## WHAT TO PRODUCE
Give all of the listing again word for word, with images excluded.

[[ DATA SECTION, beginning ]]

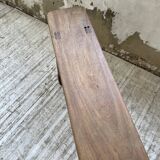 Banc chêne XXL XIXème 280cm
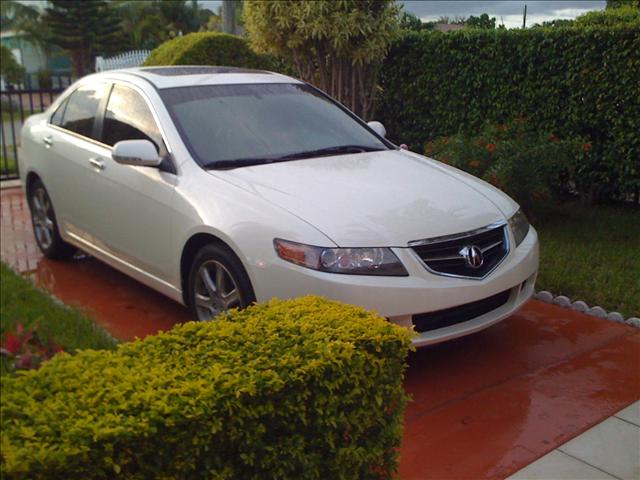 Acura TSX Base Sedan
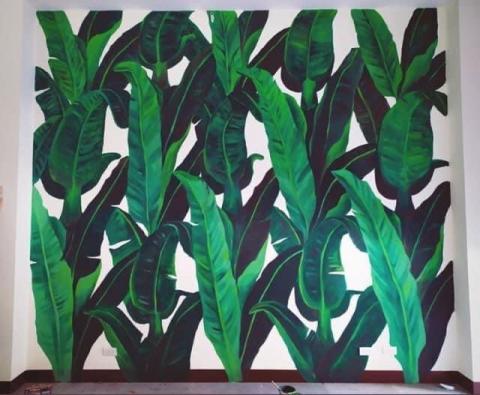 曾湘麟 - 室內彩繪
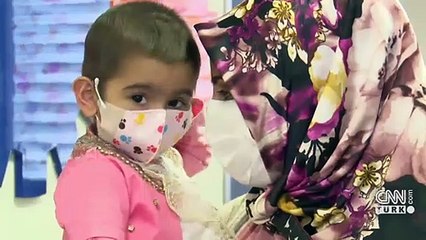 18 aylık Elif İkra önce lösemiyi sonra koronavirüsü yendi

[[ DATA SECTION, end ]]

## TASK SOLUTION
 Banc chêne XXL XIXème 280cm
 Acura TSX Base Sedan
 曾湘麟 - 室內彩繪
 18 aylık Elif İkra önce lösemiyi sonra koronavirüsü yendi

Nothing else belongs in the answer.